Write out again, exactly, the lines below starting at the one with "Nouveau Tapis de bain en Diatomite" and ending at the one with "Visitekaartje vuurvliegjes witte".

### MATERIAL SHOWN

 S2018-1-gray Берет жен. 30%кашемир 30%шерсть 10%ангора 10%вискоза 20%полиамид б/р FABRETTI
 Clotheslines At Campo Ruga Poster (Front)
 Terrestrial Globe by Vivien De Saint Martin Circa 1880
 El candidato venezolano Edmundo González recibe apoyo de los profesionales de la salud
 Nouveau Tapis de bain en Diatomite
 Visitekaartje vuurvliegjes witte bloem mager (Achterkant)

######
### MATERIAL SHOWN

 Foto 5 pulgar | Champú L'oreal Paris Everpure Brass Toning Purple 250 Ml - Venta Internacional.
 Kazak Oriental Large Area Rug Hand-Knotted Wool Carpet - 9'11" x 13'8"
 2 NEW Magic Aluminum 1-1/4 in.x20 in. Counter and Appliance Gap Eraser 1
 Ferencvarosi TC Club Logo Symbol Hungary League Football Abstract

######
### MATERIAL SHOWN

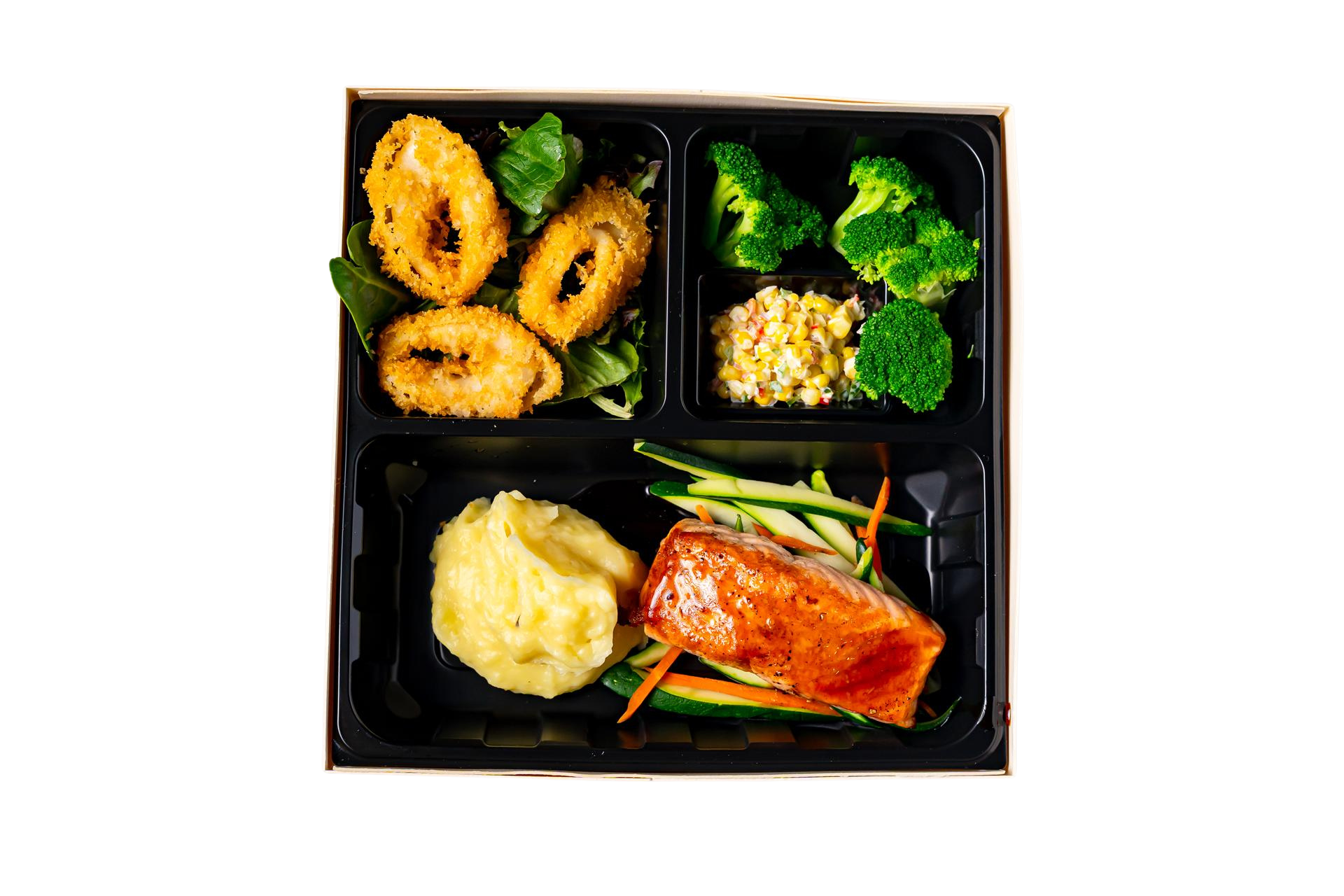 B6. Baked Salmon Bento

######

EXPECTED ANSWER -
 Nouveau Tapis de bain en Diatomite
 Visitekaartje vuurvliegjes witte bloem mager (Achterkant)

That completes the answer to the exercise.